Com o sucesso de “Top Gun: Maverick”, dúzias de críticos elegeram Tom Cruise como “a última estrela de Hollywood” – já que, de alguns anos para cá, as pessoas vão ao cinema ver o Capitão América e não o Chris Evans. Nos tempos da Blockbuster, as vagas do estacionamento recebiam nomes como George Clooney e Julia Roberts, mas a era dos atores mais reconhecíveis acabou. Mesmo gostando muito deles, poucos sabem quem Anya Taylor-Joy e Bill Skarsgård são.

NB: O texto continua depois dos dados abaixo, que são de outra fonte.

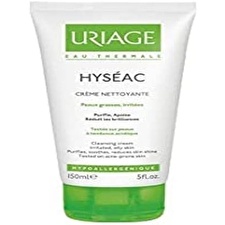 Uriage ( Cleansing Cream) 150ml 150ml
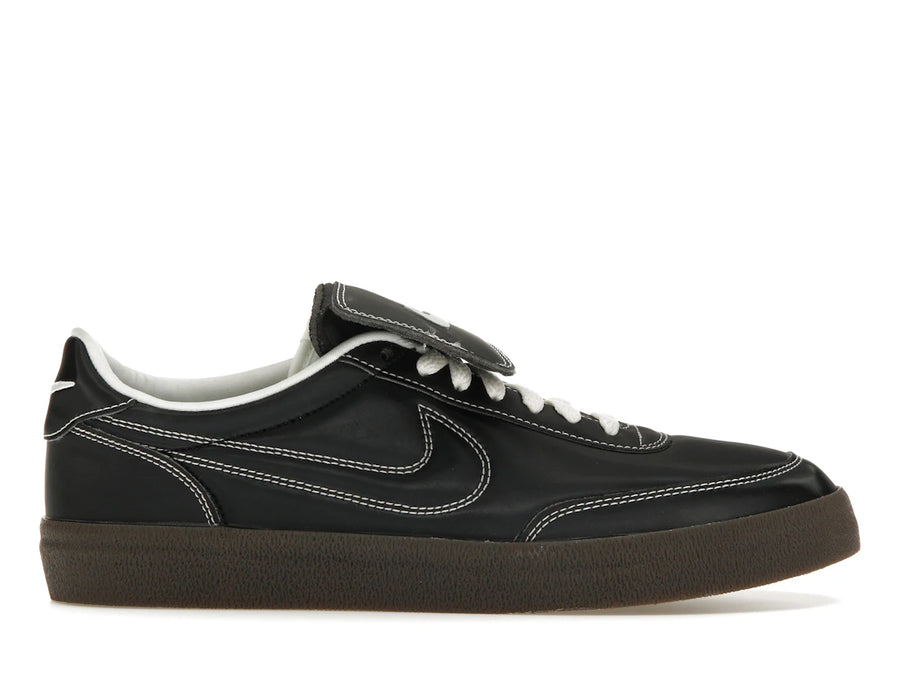 Nike Killshot 2 LTR PRM Tiempo Pack Noir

Neste ano, porém, temos alguns candidatos ao panteão (desde que não se importem com a poeira das colunas). Zendaya, que é produtora e protagonista de “Rivais”, convenceu o grande público a ver um filme original e, pasmem, sem classificação livre. Não é “o filme do Homem-Aranha” ou “o filme de Luca Guadagnino”, é “o filme da Zendaya”. Da mesma forma, há um novo “filme do Ryan Gosling” – e não é “o filme da “Barbie”.

Entre os cinéfilos, Gosling já era conhecido por produções mais independentes como “Drive”, do cineasta dinamarquês Nicolas Winding Refn, ou o trágico “Namorados para Sempre”, com Michelle Williams. Já passou pela comédia antes, é claro, mas “O Dublê” lança Gosling como um carismático (e engraçado) herói de ação. Tudo o que Dwayne Johnson, vulgo The Rock, vem tentando ser há, pelo menos, uma década.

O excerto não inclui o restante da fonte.